WORK INSTRUCTIONS.
When the line containing "rxryp: im forcing" appears in the entries below, begin printing there and stop after the line containing "電影 狐貍的故事/北狐物語(1978) 日本經典感人紀錄片 DVD收藏版 電影"; print each of those lines exactly and no other line.

DATA UNDER STUDY.

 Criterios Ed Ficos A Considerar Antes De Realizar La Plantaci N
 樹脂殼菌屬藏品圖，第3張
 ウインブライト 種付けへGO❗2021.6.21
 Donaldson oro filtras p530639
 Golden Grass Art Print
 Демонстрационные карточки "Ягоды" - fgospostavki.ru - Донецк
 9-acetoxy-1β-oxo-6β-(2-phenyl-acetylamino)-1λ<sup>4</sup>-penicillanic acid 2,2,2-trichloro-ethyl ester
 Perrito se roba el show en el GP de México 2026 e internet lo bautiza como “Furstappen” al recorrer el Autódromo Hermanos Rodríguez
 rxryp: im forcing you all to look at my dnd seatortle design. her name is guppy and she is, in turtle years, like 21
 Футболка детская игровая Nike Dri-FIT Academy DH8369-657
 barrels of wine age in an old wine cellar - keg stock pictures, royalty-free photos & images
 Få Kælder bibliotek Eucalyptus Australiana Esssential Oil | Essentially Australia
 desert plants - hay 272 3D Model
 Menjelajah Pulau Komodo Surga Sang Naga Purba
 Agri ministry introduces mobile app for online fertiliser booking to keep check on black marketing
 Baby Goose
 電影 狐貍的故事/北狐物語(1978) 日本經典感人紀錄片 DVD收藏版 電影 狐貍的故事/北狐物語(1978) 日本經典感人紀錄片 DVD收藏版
==
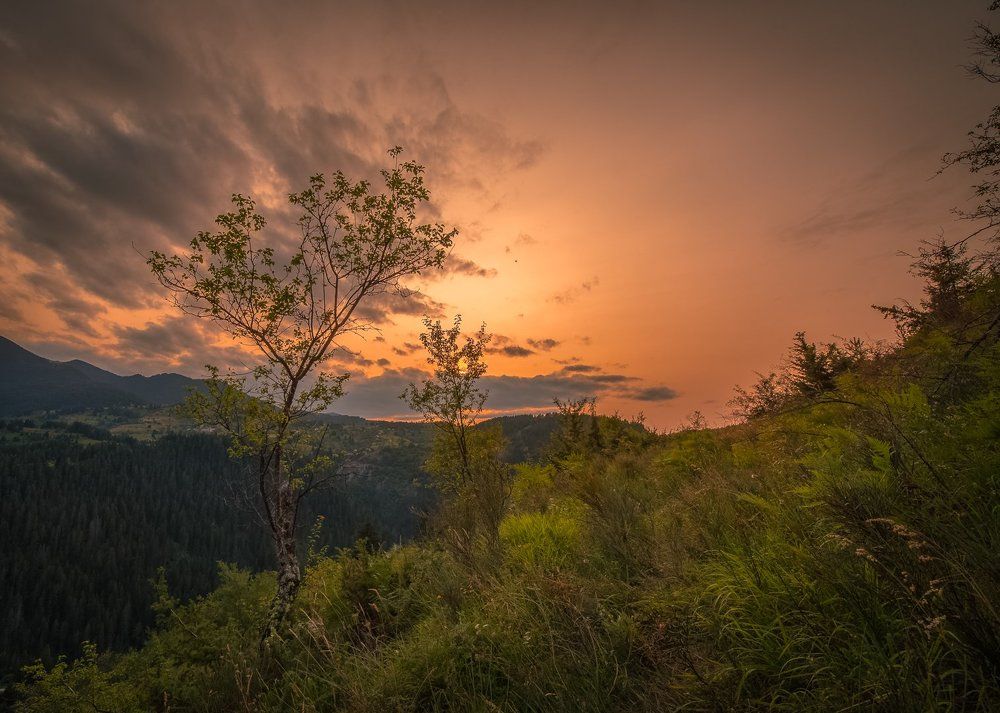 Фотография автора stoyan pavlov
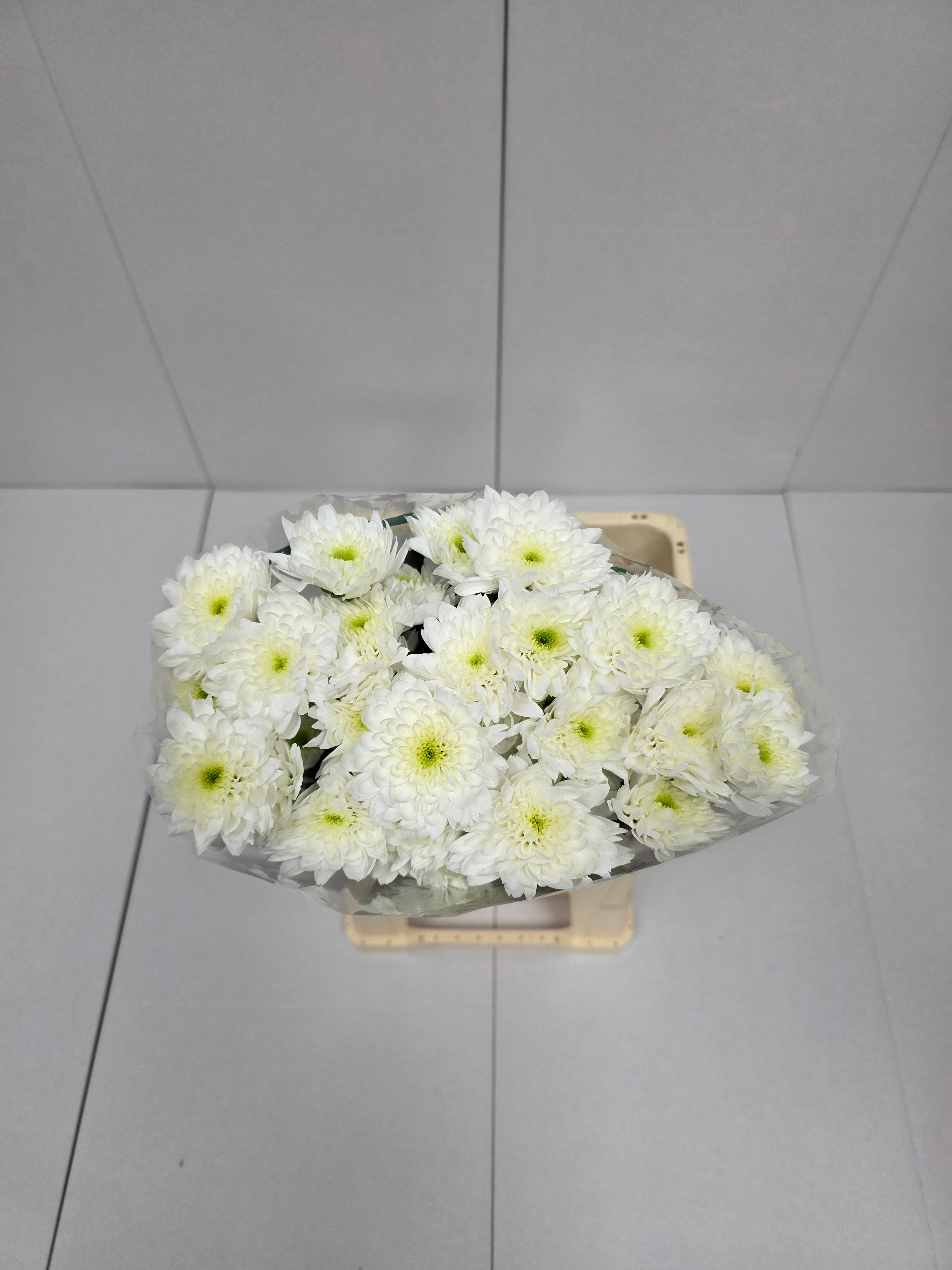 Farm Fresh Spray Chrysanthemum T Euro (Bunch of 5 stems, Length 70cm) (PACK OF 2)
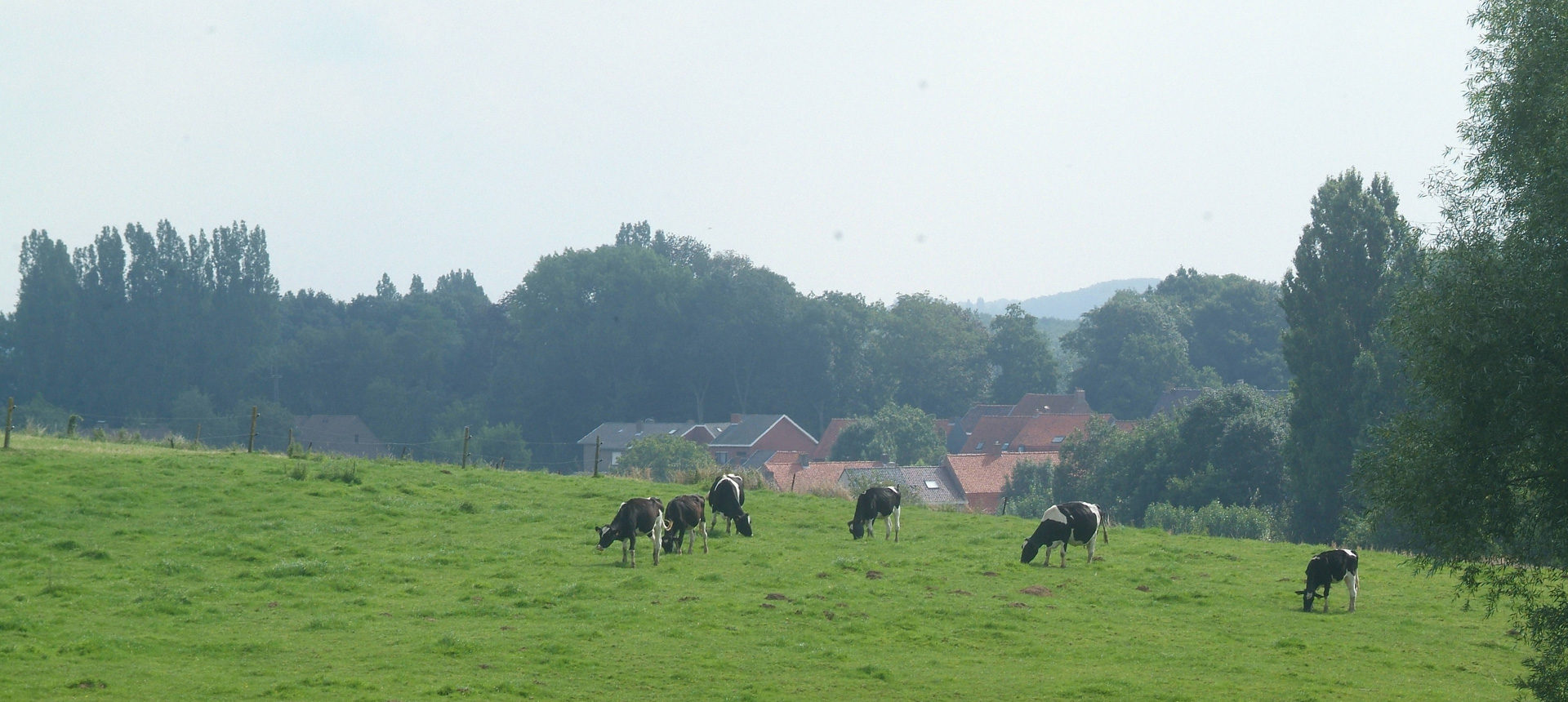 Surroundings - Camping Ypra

EXPECTED ANSWER.
 rxryp: im forcing you all to look at my dnd seatortle design. her name is guppy and she is, in turtle years, like 21
 Футболка детская игровая Nike Dri-FIT Academy DH8369-657
 barrels of wine age in an old wine cellar - keg stock pictures, royalty-free photos & images
 Få Kælder bibliotek Eucalyptus Australiana Esssential Oil | Essentially Australia
 desert plants - hay 272 3D Model
 Menjelajah Pulau Komodo Surga Sang Naga Purba
 Agri ministry introduces mobile app for online fertiliser booking to keep check on black marketing
 Baby Goose
 電影 狐貍的故事/北狐物語(1978) 日本經典感人紀錄片 DVD收藏版 電影 狐貍的故事/北狐物語(1978) 日本經典感人紀錄片 DVD收藏版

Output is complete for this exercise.